Im Anschluss wird der*die Patient*in internistisch und neurologisch untersucht, inklusive eines Drogentests, um somatische (psychisch bedingte) Differenzialdiagnosen auszuschließen.
Ist dies geschehen, wird die Diagnose Agoraphobie mit oder ohne Panikstörung mithilfe der Panik- und Agoraphobie-Skala (PAS) erhärtet. Dabei werden der Person 13 Fragen gestellt, die sie mit jeweils 5 Antwortmöglichkeiten beantworten kann. Dieser Test eignet sich nicht nur zur Stellung der Diagnose, sondern auch zur Bestimmung des Schweregrads der Angst sowie der anderen Beschwerden.
Ursachen: Wie entsteht eine Agoraphobie?
Die Ursachen der Agoraphobie sind noch nicht ganz geklärt, aber in der Wissenschaft geht man von einer Mischung aus genetischen Einflüssen und Umweltfaktoren aus. So kann der Verlust einer nahestehenden Person oder ein Trauma in der Kindheit als Ursache einer Agoraphobie in Betracht gezogen werden.
Darüber hinaus kann eine bestehende Panikstörung, etwa eine generalisierte Angststörung, dazu führen, dass Betroffene aus Angst vor entsprechenden Situationen und erneuten Panikattacken das Haus nicht mehr verlassen und daher eine Agoraphobie entwickeln. Aber auch die Einnahme einiger Beruhigungsmittel, zum Beispiel sogenannter Benzodiazepine wie etwa Valium, wird mit einem höheren Risiko in Verbindung gebracht.
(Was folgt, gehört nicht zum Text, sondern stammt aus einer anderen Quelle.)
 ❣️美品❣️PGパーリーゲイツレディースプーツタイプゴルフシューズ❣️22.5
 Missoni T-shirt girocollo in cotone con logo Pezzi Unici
Was sind die Folgen von Agoraphobie?
Agoraphobie kann die Aktivitäten des täglichen Lebens und somit die Lebensqualität massiv beeinflussen. Im schlimmsten Fall sind die Betroffenen durch ein starkes Vermeidungsverhalten eine lange Zeit an ihren Wohnort gebunden und trauen sich gar nicht mehr aus ihrem Haus. Somit sind sie in höchstem Maße von Angehörigen und Freunden abhängig, um ihren Alltag zu bewältigen und können oftmals ihren beruflichen Pflichten nicht mehr nachgehen. Außerdem kann eine stark ausgeprägte Agoraphobie zu weiteren psychiatrischen Problemen führen wie etwa Substanzmissbrauch, Depression oder Suizidgedanken. Auf jeden Fall sollte man eine Agoraphobie ernst nehmen und behandeln.
Therapie: Was tun gegen Agoraphobie?
Die Platzangst gilt grundsätzlich als heilbar. Allerdings ist es ratsam, sich dafür in professionelle Therapie zu begeben. Es gibt verschiedene Möglichkeiten, eine Agoraphobie zu therapieren. Die sogenannte systematische Desensibilisierung ist die unangenehmste, aber auch die erfolgreichste Therapieform. Sie ist eine Unterform der Verhaltenstherapie. Dabei wird die betroffene Person direkt und unmittelbar mit ihrer Angst konfrontiert. Das heißt, sie besucht zusammen mit ihrem*ihrer Therapeuten*Therapeutin oder einer nahestehenden Person einen weitläufigen Ort oder eine Menschenmasse, bis die Panik abflaut. Dabei ist es wichtig, bis zum Nachlassen der Angst zu bleiben, da sich die Agoraphobie sonst weiter verfestigt.
Begleitend kann der*die Psychotherapeut*in betroffenen Menschen Entspannungstechniken beibringen, damit sie besser mit stressigen Situationen umgehen können. Zusätzlich zur Psychotherapie kann auch der Austausch in einer (Online-)Selbsthilfegruppe Betroffene dabei unterstützen, ihre Angst zu überwinden.
Eine Agoraphobie kann außerdem medikamentös behandelt werden. Dabei werden am häufigsten selektive Serotonin-Wiederaufnahme-Hemmer (SSRI) verschrieben. Dies ist eine Untergruppe der Antidepressiva, die die Konzentration des Neurotransmitters (Botenstoffs) Serotonin im sogenannten synaptischen Spalt, also dem kleinen Ort zwischen zwei Nervenzellen, erhöhen. Dadurch wird die chemische Dysbalance im Gehirn wieder ausgeglichen und es kommt zu einer Besserung der Symptome.
Alternativ können trizyklische Antidepressiva eingesetzt werden. Diese Medikamente haben zusätzlich eine stark sedierende Wirkung und dämpfen somit die Paniksymptome.
Bei sehr starken Panikattacken können Benzodiazepine wie Diazepam (Valium) helfen, mit den Symptomen im Notfall besser klarzukommen. Aufgrund des hohen Abhängigkeitspotenzials sollte diese Substanzgruppe allerdings nur bei unerträglichen Symptomen und nur für eine kurze Zeit eingesetzt werden.